Part 4 in a series of articles on implementing a notification system using Gmail and Line Bot
Hi. Back again for another instalment.
Today I will be working through accessing parts of an email. In part 3 we got to the stage where I had created an email.message.EmailMessage
object. You may not believe that is ready to use. Since if you played with it you might have found that it still contained a lot of non-ascii encoded characters, but thats ok. Once we start using the member methods provided by a email.message.EmailMessage
object. Things will be clear.
So a quick review:
We did our search, got our message ids, boiled it down to just the message ids minus the threadIds
We then used get_message(service, msg_id)
to return an email.message.EmailMessage
object.
single_email = get_message(service, some_id)
If you print this with print(single_email)
you will get the string representation of the entire email. If it is not in ascii you might see subject line that looks like this.
Subject: =?ISO-2022-JP?B?GyRCRn5CYDw8Pn//yROJCpDTiRpJDsbKEI=?=
And have an email body which is just as confusing. But thats ok. We will use the methods provided by email.message.EmailMessage
to get these string returned in a readable form.

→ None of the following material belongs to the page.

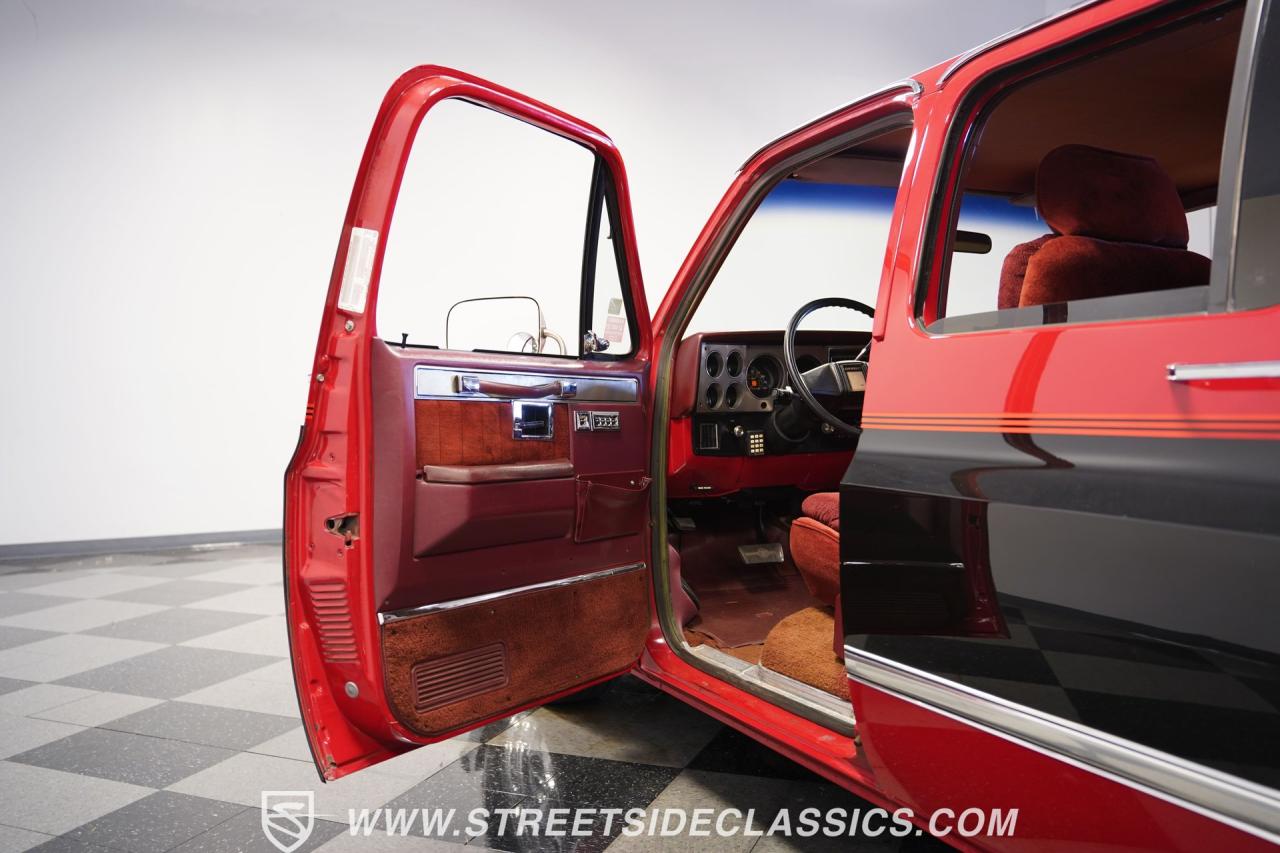 1987 Chevrolet Suburban Silverado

Here is a list of some the methods we can use:
single_email.add_alternative() single_email.get_params()
single_email.add_attachment() single_email.get_payload()
single_email.add_header() single_email.get_unixfrom()

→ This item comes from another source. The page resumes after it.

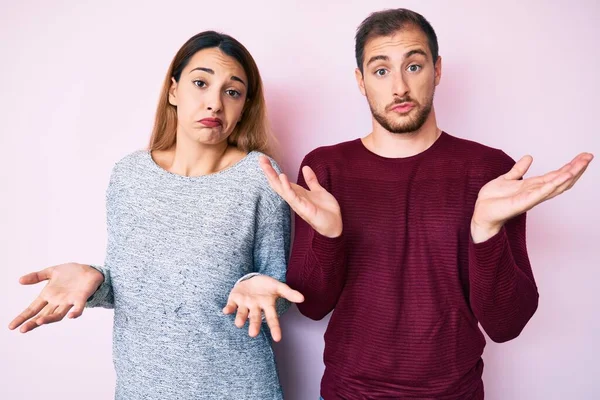 Hermosa Pareja Con Ropa Casual Expresión Despistada Confusa Con Los —  Fotos de Stock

single_email.add_related() single_email.is_attachment()
single_email.as_bytes() single_email.is_multipart()
single_email.as_string() single_email.items()
single_email.attach() single_email.iter_attachments()
single_email.clear() single_email.iter_parts()
single_email.clear_content() single_email.keys()
single_email.defects single_email.make_alternative()
single_email.del_param() single_email.make_mixed()
single_email.epilogue single_email.make_related()
...
...
Headers can simply be accessed using single_email.get('headername')
Examples:
from = single_email.get("from")
subject = single_email.get("subject")
To check if an email is multipart; single_email.is_multipart()
will return a True
or False
There are lots of methods to use to deconstruct an email. Fortunately for me. The emails I am dealing with are system generated and also very simple plain text non-multipart.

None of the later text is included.